Dataset entries:
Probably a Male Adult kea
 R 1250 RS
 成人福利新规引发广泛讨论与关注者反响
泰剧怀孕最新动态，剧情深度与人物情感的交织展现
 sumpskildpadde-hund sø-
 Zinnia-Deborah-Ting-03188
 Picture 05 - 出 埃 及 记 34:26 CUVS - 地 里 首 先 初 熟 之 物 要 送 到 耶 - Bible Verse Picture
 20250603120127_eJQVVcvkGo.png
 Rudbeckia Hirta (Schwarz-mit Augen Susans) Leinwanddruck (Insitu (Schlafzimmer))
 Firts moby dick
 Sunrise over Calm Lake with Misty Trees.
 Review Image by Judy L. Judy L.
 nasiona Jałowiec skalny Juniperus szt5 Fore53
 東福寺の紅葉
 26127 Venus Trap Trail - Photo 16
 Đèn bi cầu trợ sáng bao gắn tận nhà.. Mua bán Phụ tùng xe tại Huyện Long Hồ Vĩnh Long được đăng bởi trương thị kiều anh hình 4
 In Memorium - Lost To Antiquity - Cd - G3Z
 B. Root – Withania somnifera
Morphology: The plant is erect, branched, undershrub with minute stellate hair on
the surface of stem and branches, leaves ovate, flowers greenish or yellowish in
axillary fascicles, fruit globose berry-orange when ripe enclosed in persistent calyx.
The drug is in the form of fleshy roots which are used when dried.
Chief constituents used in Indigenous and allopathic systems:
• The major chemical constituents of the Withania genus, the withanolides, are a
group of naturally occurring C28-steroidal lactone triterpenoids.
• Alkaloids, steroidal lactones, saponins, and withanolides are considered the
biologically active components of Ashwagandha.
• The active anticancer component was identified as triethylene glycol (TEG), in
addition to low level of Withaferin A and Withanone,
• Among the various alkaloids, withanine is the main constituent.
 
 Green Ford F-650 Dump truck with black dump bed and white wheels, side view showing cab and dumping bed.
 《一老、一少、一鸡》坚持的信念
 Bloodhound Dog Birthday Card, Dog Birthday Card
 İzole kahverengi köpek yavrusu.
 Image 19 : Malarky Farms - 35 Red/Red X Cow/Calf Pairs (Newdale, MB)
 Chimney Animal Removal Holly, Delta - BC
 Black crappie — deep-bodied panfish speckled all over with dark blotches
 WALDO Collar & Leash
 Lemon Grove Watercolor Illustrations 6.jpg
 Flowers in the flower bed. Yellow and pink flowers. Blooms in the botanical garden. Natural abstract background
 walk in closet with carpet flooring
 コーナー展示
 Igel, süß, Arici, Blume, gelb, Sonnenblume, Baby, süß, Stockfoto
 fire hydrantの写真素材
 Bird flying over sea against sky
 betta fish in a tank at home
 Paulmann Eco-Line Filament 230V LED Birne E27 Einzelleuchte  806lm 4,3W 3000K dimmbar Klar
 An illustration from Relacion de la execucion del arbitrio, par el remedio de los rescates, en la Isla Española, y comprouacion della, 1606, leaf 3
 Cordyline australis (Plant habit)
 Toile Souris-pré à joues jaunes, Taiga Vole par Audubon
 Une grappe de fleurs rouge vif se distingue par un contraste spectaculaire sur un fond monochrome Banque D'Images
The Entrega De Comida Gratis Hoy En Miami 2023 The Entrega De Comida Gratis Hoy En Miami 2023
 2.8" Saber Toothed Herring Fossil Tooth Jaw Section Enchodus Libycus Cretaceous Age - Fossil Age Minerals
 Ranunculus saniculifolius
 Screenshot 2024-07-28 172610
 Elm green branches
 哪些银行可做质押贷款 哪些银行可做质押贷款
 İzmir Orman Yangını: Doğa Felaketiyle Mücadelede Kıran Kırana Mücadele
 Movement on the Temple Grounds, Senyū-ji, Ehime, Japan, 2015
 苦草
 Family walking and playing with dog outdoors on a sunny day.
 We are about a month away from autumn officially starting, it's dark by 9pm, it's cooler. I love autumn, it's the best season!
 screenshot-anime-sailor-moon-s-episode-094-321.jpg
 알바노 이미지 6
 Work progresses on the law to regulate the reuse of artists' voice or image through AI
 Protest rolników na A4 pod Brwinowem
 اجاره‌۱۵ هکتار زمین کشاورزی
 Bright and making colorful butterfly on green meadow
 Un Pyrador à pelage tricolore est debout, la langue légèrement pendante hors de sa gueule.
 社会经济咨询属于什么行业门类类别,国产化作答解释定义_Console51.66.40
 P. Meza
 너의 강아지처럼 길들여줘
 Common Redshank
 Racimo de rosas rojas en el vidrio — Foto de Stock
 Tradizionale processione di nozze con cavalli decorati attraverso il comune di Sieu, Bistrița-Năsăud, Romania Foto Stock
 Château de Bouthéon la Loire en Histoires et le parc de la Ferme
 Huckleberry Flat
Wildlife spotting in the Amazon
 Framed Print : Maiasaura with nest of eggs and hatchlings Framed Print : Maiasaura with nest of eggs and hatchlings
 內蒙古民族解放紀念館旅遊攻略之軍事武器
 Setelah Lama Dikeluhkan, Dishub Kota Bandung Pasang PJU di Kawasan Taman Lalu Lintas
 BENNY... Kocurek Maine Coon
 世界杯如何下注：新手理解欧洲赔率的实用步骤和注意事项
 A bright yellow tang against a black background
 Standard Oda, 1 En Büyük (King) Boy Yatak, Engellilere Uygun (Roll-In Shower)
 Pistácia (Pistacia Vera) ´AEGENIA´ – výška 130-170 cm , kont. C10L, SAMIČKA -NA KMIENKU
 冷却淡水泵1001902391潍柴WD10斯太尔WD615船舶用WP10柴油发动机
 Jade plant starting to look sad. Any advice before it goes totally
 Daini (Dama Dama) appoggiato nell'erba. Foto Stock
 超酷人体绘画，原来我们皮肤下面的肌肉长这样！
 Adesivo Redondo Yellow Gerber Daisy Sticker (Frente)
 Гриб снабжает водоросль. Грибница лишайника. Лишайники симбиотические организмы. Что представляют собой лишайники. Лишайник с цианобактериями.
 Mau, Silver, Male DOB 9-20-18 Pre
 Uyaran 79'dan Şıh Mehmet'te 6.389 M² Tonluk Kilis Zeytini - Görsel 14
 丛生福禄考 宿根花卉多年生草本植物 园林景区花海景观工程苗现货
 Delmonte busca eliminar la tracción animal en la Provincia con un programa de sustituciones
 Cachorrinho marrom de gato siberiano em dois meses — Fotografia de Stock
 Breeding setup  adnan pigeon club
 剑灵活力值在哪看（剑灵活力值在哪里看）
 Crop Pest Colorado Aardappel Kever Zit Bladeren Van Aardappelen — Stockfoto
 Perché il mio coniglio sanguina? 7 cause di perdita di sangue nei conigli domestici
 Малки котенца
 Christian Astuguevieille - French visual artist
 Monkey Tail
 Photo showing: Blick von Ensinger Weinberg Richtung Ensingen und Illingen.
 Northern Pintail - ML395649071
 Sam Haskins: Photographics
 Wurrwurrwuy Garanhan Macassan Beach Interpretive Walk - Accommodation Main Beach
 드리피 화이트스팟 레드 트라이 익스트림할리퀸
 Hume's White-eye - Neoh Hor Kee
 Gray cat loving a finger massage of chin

> _EXERCISE_:
Retype each record. Keep every character as it is.

> _TASK RESPONSE_:
Probably a Male Adult kea
 R 1250 RS
 成人福利新规引发广泛讨论与关注者反响
泰剧怀孕最新动态，剧情深度与人物情感的交织展现
 sumpskildpadde-hund sø-
 Zinnia-Deborah-Ting-03188
 Picture 05 - 出 埃 及 记 34:26 CUVS - 地 里 首 先 初 熟 之 物 要 送 到 耶 - Bible Verse Picture
 20250603120127_eJQVVcvkGo.png
 Rudbeckia Hirta (Schwarz-mit Augen Susans) Leinwanddruck (Insitu (Schlafzimmer))
 Firts moby dick
 Sunrise over Calm Lake with Misty Trees.
 Review Image by Judy L. Judy L.
 nasiona Jałowiec skalny Juniperus szt5 Fore53
 東福寺の紅葉
 26127 Venus Trap Trail - Photo 16
 Đèn bi cầu trợ sáng bao gắn tận nhà.. Mua bán Phụ tùng xe tại Huyện Long Hồ Vĩnh Long được đăng bởi trương thị kiều anh hình 4
 In Memorium - Lost To Antiquity - Cd - G3Z
 B. Root – Withania somnifera
Morphology: The plant is erect, branched, undershrub with minute stellate hair on
the surface of stem and branches, leaves ovate, flowers greenish or yellowish in
axillary fascicles, fruit globose berry-orange when ripe enclosed in persistent calyx.
The drug is in the form of fleshy roots which are used when dried.
Chief constituents used in Indigenous and allopathic systems:
• The major chemical constituents of the Withania genus, the withanolides, are a
group of naturally occurring C28-steroidal lactone triterpenoids.
• Alkaloids, steroidal lactones, saponins, and withanolides are considered the
biologically active components of Ashwagandha.
• The active anticancer component was identified as triethylene glycol (TEG), in
addition to low level of Withaferin A and Withanone,
• Among the various alkaloids, withanine is the main constituent.
 
 Green Ford F-650 Dump truck with black dump bed and white wheels, side view showing cab and dumping bed.
 《一老、一少、一鸡》坚持的信念
 Bloodhound Dog Birthday Card, Dog Birthday Card
 İzole kahverengi köpek yavrusu.
 Image 19 : Malarky Farms - 35 Red/Red X Cow/Calf Pairs (Newdale, MB)
 Chimney Animal Removal Holly, Delta - BC
 Black crappie — deep-bodied panfish speckled all over with dark blotches
 WALDO Collar & Leash
 Lemon Grove Watercolor Illustrations 6.jpg
 Flowers in the flower bed. Yellow and pink flowers. Blooms in the botanical garden. Natural abstract background
 walk in closet with carpet flooring
 コーナー展示
 Igel, süß, Arici, Blume, gelb, Sonnenblume, Baby, süß, Stockfoto
 fire hydrantの写真素材
 Bird flying over sea against sky
 betta fish in a tank at home
 Paulmann Eco-Line Filament 230V LED Birne E27 Einzelleuchte  806lm 4,3W 3000K dimmbar Klar
 An illustration from Relacion de la execucion del arbitrio, par el remedio de los rescates, en la Isla Española, y comprouacion della, 1606, leaf 3
 Cordyline australis (Plant habit)
 Toile Souris-pré à joues jaunes, Taiga Vole par Audubon
 Une grappe de fleurs rouge vif se distingue par un contraste spectaculaire sur un fond monochrome Banque D'Images
The Entrega De Comida Gratis Hoy En Miami 2023 The Entrega De Comida Gratis Hoy En Miami 2023
 2.8" Saber Toothed Herring Fossil Tooth Jaw Section Enchodus Libycus Cretaceous Age - Fossil Age Minerals
 Ranunculus saniculifolius
 Screenshot 2024-07-28 172610
 Elm green branches
 哪些银行可做质押贷款 哪些银行可做质押贷款
 İzmir Orman Yangını: Doğa Felaketiyle Mücadelede Kıran Kırana Mücadele
 Movement on the Temple Grounds, Senyū-ji, Ehime, Japan, 2015
 苦草
 Family walking and playing with dog outdoors on a sunny day.
 We are about a month away from autumn officially starting, it's dark by 9pm, it's cooler. I love autumn, it's the best season!
 screenshot-anime-sailor-moon-s-episode-094-321.jpg
 알바노 이미지 6
 Work progresses on the law to regulate the reuse of artists' voice or image through AI
 Protest rolników na A4 pod Brwinowem
 اجاره‌۱۵ هکتار زمین کشاورزی
 Bright and making colorful butterfly on green meadow
 Un Pyrador à pelage tricolore est debout, la langue légèrement pendante hors de sa gueule.
 社会经济咨询属于什么行业门类类别,国产化作答解释定义_Console51.66.40
 P. Meza
 너의 강아지처럼 길들여줘
 Common Redshank
 Racimo de rosas rojas en el vidrio — Foto de Stock
 Tradizionale processione di nozze con cavalli decorati attraverso il comune di Sieu, Bistrița-Năsăud, Romania Foto Stock
 Château de Bouthéon la Loire en Histoires et le parc de la Ferme
 Huckleberry Flat
Wildlife spotting in the Amazon
 Framed Print : Maiasaura with nest of eggs and hatchlings Framed Print : Maiasaura with nest of eggs and hatchlings
 內蒙古民族解放紀念館旅遊攻略之軍事武器
 Setelah Lama Dikeluhkan, Dishub Kota Bandung Pasang PJU di Kawasan Taman Lalu Lintas
 BENNY... Kocurek Maine Coon
 世界杯如何下注：新手理解欧洲赔率的实用步骤和注意事项
 A bright yellow tang against a black background
 Standard Oda, 1 En Büyük (King) Boy Yatak, Engellilere Uygun (Roll-In Shower)
 Pistácia (Pistacia Vera) ´AEGENIA´ – výška 130-170 cm , kont. C10L, SAMIČKA -NA KMIENKU
 冷却淡水泵1001902391潍柴WD10斯太尔WD615船舶用WP10柴油发动机
 Jade plant starting to look sad. Any advice before it goes totally
 Daini (Dama Dama) appoggiato nell'erba. Foto Stock
 超酷人体绘画，原来我们皮肤下面的肌肉长这样！
 Adesivo Redondo Yellow Gerber Daisy Sticker (Frente)
 Гриб снабжает водоросль. Грибница лишайника. Лишайники симбиотические организмы. Что представляют собой лишайники. Лишайник с цианобактериями.
 Mau, Silver, Male DOB 9-20-18 Pre
 Uyaran 79'dan Şıh Mehmet'te 6.389 M² Tonluk Kilis Zeytini - Görsel 14
 丛生福禄考 宿根花卉多年生草本植物 园林景区花海景观工程苗现货
 Delmonte busca eliminar la tracción animal en la Provincia con un programa de sustituciones
 Cachorrinho marrom de gato siberiano em dois meses — Fotografia de Stock
 Breeding setup  adnan pigeon club
 剑灵活力值在哪看（剑灵活力值在哪里看）
 Crop Pest Colorado Aardappel Kever Zit Bladeren Van Aardappelen — Stockfoto
 Perché il mio coniglio sanguina? 7 cause di perdita di sangue nei conigli domestici
 Малки котенца
 Christian Astuguevieille - French visual artist
 Monkey Tail
 Photo showing: Blick von Ensinger Weinberg Richtung Ensingen und Illingen.
 Northern Pintail - ML395649071
 Sam Haskins: Photographics
 Wurrwurrwuy Garanhan Macassan Beach Interpretive Walk - Accommodation Main Beach
 드리피 화이트스팟 레드 트라이 익스트림할리퀸
 Hume's White-eye - Neoh Hor Kee
 Gray cat loving a finger massage of chin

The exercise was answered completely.